En écho à certaines militantes féministes et juristes, quelques réserves ont tout de même été exprimées par Erwan Balanant (Modem), évoquant une notion «complexe», un risque que la procédure judiciaire ne se focalise encore davantage sur «le comportement de la victime» et même qu’il soit «plus compliqué» de démontrer la preuve du viol. Différents points sur lesquels le Conseil d’Etat s’était montré rassurant. Si ses inquiétudes ne l’ont pas empêché de saluer une «avancée», les dissensions féministes ont surtout été bassement instrumentalisées par l’extrême droite. Comme lors de la commission mixte paritaire, le RN et les ciottistes de l’UDR ont été les seuls à s’opposer à cette nouvelle définition du viol. «Dérive morale et juridique sans précédent», «boîte de Pandore»… Sophie Blanc (RN) n’a pas hésité à s’enfoncer dans la caricature, plaçant une fois encore son groupe politique à rebours des avancées pour les droits des femmes : «Combien de verres de vin suffisent à rendre un consentement non éclairé ? Faudra-t-il désormais enregistrer les préalables à chaque acte sexuel et l’acte sexuel lui-même pour se préconstituer une preuve audio, vidéo, une attestation signée ?»

«Malgré ce qu’a raconté le RN, ça n’est absolument pas un texte d’émotion, c’est un texte tellement travaillé techniquement. C’est l’aboutissement de deux ans de travail orientés sur la parole des victimes pour outiller davantage la chaîne pénale», réagit Véronique Riotton auprès de Libération, évoquant sa «fierté». Le signe d’un «espoir dans la capacité du pouvoir parlementaire à faire changer la loi pour le meilleur et pour l’intérêt général», abonde Marie-Charlotte Garin.

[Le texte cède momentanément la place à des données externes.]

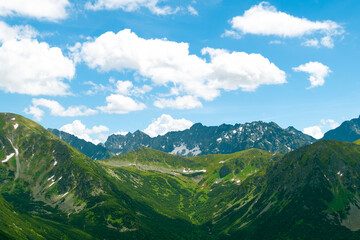 Beautiful mountain landscape in summer. Green grass, high rocks, blue sky and white clouds. Natural background. Tatra Mountains
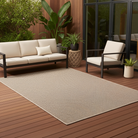 Outdoor patio with beige sofa, chair, and rug on a wooden deck.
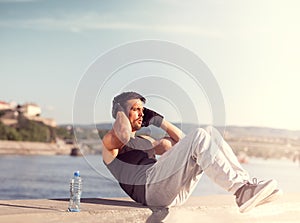 Male fitness model doing sit ups and crunches exercising abdominal muscles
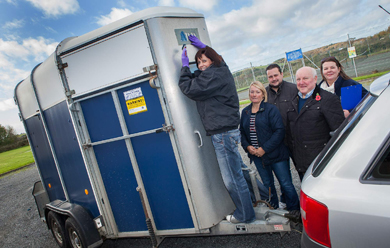 PSNI Crime Prevention Officer, Dolores Coulter, puts a unique identification mark on the trailer of David and Amanda Revie, who are pictured with Alderman Ronnie Ferguson, Chair of the Ards Policing and Community Safety Partnership (PCSP) and Nicola Dorrian, PCSP Officer.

Aucune naïveté en revanche chez les corapporteures et parlementaires ayant prononcé des discours forts au pupitre : cette loi ne suffira pas à enrayer la domination patriarcale et les violences massives qui en découlent. «Nous avons besoin urgemment de cette grande loi promise, dont le travail pourtant lancé a été suspendu par l’instabilité politique permanente créée et entretenue par Emmanuel Macron dans un plus grand cynisme», a raillé la députée écolo Sandra Regol. Face à l’Assemblée, Aurore Bergé avait promis quelques minutes plus tôt son engagement pour l’adoption d’une loi-cadre contre les violences sexuelles et intrafamiliales. «Tous les groupes de l’Assemblée nationale et du Sénat sont autour de la table, le consensus est souhaitable et est possible.» De quoi ouvrir un nouvel espoir, celui de cesser la politique des petits pas, où les victoires s’arrachent difficilement une loi après l’autre.